*Your assignment*. In the listing that follows, the range to quote begins at the line that has "Simplified loan application" and ends after the line that has "Picture 7 of 13"; quote it verbatim and add nothing.
== Data in this exercise ==
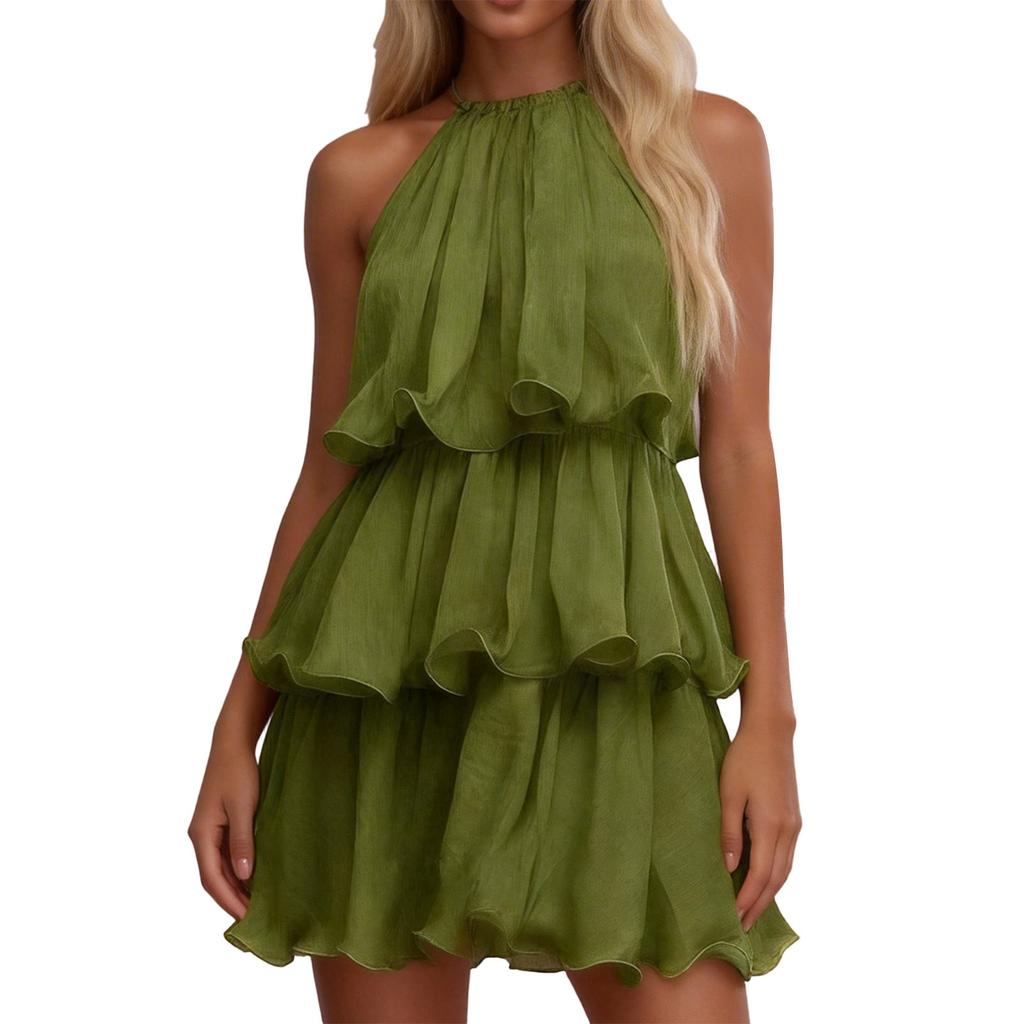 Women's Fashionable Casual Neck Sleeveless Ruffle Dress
===
== Data in this exercise ==
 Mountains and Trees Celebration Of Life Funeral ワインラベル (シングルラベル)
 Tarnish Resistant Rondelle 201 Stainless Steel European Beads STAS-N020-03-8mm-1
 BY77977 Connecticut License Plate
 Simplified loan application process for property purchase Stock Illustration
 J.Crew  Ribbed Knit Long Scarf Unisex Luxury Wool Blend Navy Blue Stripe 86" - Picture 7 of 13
===
== Data in this exercise ==
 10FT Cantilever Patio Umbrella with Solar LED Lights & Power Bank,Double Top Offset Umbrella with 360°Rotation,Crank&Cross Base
===
*Final answer*.
 Simplified loan application process for property purchase Stock Illustration
 J.Crew  Ribbed Knit Long Scarf Unisex Luxury Wool Blend Navy Blue Stripe 86" - Picture 7 of 13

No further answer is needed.